Last month, CMDA published an essay titled "A Plea To Our Churches," in which the group called for congregations to voluntarily pause large, in-person worship services due to the current surge in COVID-19 and its impact on health care systems.
"As members of the body of Christ, we are called to be His ambassadors (2 Corinthians 5:20). That means that Christ has chosen us to reveal His love and grace to all those around us. Choosing to put off gathering together as a church is a statement of love," the essay reads.
"We, as the Christian Medical & Dental Associations, kind of have a foot in both sides. We are on one hand health care professionals, and on the other we're all very committed Christians," said Dr. Jeffrey Barrows, a coauthor of the essay and the group's vice president for bioethics and public policy.
Barrows said the governor's day of prayer and fasting could potentially be safely observed in-person at churches with strictly limited capacities, universal face covering, proper social distancing and adherence to other guidelines.
"On the other hand, I certainly wouldn't recommend that a large church try and pack in as many people as they can for this. I think that would be counterproductive," Barrows said.
Both Barrows and Onarecker said that while they believe God has the power to heal, they also believe in following best public health practices regarding the coronavirus.
"I would agree that our God does heal. On the other hand, I think we need to be careful about putting Him in the position where we are demanding that He heal us, that we are putting ourselves in a position where we don't necessarily have to be doing that," Barrows said.

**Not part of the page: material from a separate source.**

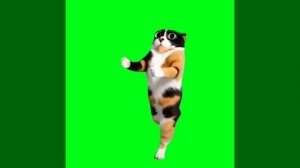 и наконец футаж 4,он для меня смешной,опа, впереди копы с куки из сливки шоу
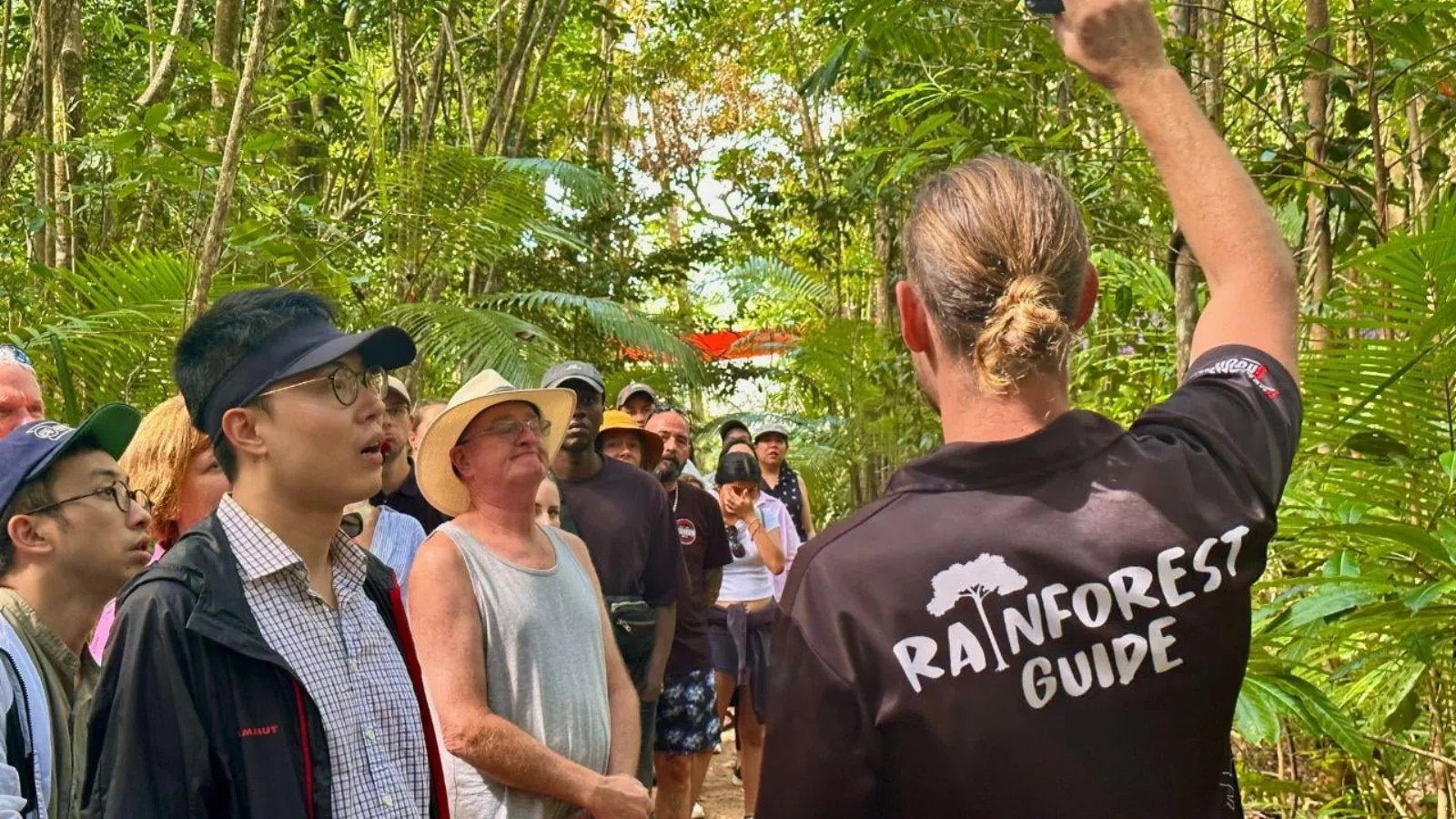 Rainforest guide leading a group on a forest walk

"Is God able to heal? Well, yeah, I guess that anybody who believes in God, in the sense that He has tremendous power, would say, 'Yeah, of course I believe that God can heal,'" said Onarecker. "But my experience has been that He also has given us intellect, and He's also gifted men and women with research and wisdom and knowledge regarding medical practices and how to keep yourself safe.
"So I think we should rely on those things as well. Otherwise, we would be tempted to do things that are not very smart in the belief that, 'Well, I can just expose myself to dangers and diseases with no regard for safety because, after all, God is able to heal.' Well, it may be that God is able to heal, but I suspect that if you go out and put yourself in front of an oncoming train, your healing will be to see Him in heaven."
Onarecker and Barrows each expressed concern that Christians could potentially end up being cast in a negative light by the actions of the minority of congregations that are disregarding COVID-19 protocol.
"You don't want the message of Christ, which is to love God and to love people, you don't want that message somehow clouded by Christians standing up and demanding that they have the right not to wear a mask or that they have the right to get together in large crowds whenever they want to, and those kinds of things," Onarecker said.
"It seems to me that you do run the risk of people looking at Christians based on what they see in a few outspoken individuals and saying, 'Eh, you know, it seems like the message of the Christian faith is I have rights and I'm going to assert those rights even when it might infringe on the rights of others and bring more infections to others,'" Onarecker said. "I think there is that risk, and, boy, that would be a shame."
"The response of Christians to anything should be love," Barrows said.
"They can follow the rules so they don't themselves become sick and take an ICU bed away from somebody else that might need it," he said. "It's a way for us to make sure that we're constantly aware of what is best for our neighbor, not just ourselves."
Faith communities have been hard-hit by the coronavirus pandemic. Oklahoma's first confirmed death from the virus was Merle Dry, a Pentecostal pastor from Tulsa. Experts warn in-person worship services are some of the highest-risk activities for transmission of COVID-19.